Bug 359952

Summary: Unrecognised PCMPESTRM variants
Product: [Developer tools] valgrind Reporter: christoficostas
Component: generalAssignee: Julian Seward <jseward>
Status: RESOLVED FIXED    
Severity: normal CC: mark
Priority: NOR    
Version First Reported In: 3.11.0   
Target Milestone: ---   
Platform: Compiled Sources   
OS: Linux   
Latest Commit: Version Fixed/Implemented In:
Sentry Crash Report:

Description christoficostas 2016-03-01 13:53:51 UTC
I have an application that uses SSE4.2 string instructions to speed up some text parsing.
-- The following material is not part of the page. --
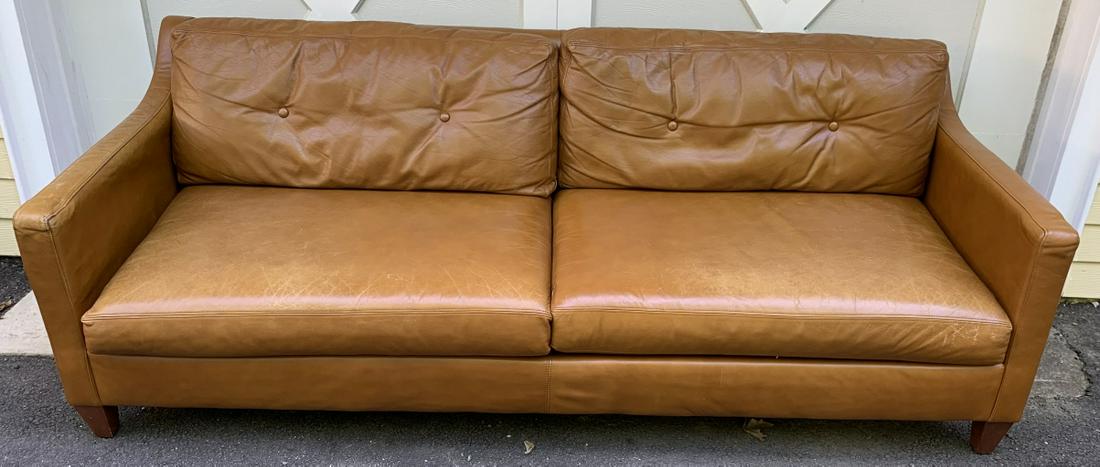 Ethan Allen Camel Leather Sofa Jul 27 2019 Greenwich Auction In Ct Ethan Allen Camel Leather Sofa Jul 27, Ethan Allen Tufted Leather Sofa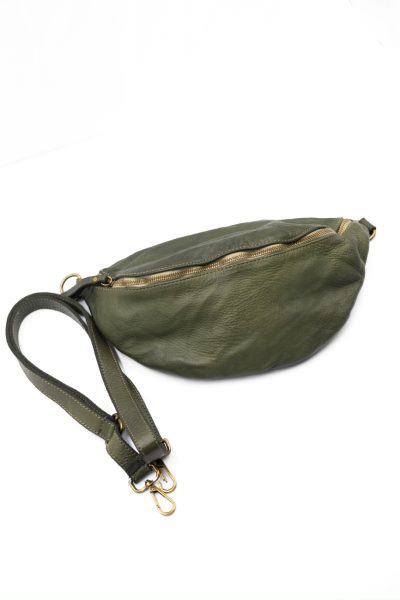 Nerka skórzana – Oliwka, UNI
Unfortunately, it causes valgrind to raise SIGILL:

vex amd64->IR: unhandled instruction bytes: 0xC4 0xE3 0x79 0x60 0xD1 0x70 0xC5 0xF9
vex amd64->IR:   REX=0 REX.W=0 REX.R=0 REX.X=0 REX.B=0
vex amd64->IR:   VEX=1 VEX.L=0 VEX.nVVVV=0x0 ESC=0F3A
vex amd64->IR:   PFX.66=1 PFX.F2=0 PFX.F3=0

  40255f:	c4 e3 79 60 d1 70    	vpcmpestrm $0x70,%xmm1,%xmm2

The same happens if I compile with -mno-avx:

vex amd64->IR: unhandled instruction bytes: 0x66 0xF 0x3A 0x60 0xD1 0x70 0x66 0xF
vex amd64->IR:   REX=0 REX.W=0 REX.R=0 REX.X=0 REX.B=0
vex amd64->IR:   VEX=0 VEX.L=0 VEX.nVVVV=0x0 ESC=0F3A
vex amd64->IR:   PFX.66=1 PFX.F2=0 PFX.F3=0

  4024df:	66 0f 3a 60 d1 70    	pcmpestrm $0x70,%xmm1,%xmm2

For completeness, the culprit is the following bit of code (g++ 4.8.4):

#include <nmmintrin.h>
...
__m128i mask = _mm_cmpestrm(separators, 2, data, 16,
	_SIDD_UBYTE_OPS | _SIDD_CMP_EQUAL_ANY |
	_SIDD_MASKED_NEGATIVE_POLARITY | _SIDD_UNIT_MASK);
Comment 1 Mark Wielaard 2016-07-19 09:16:50 UTC
Another unhandled x86 sse42 vpcmpestri variant (0x19) is generated by the latest openjdk hotspot.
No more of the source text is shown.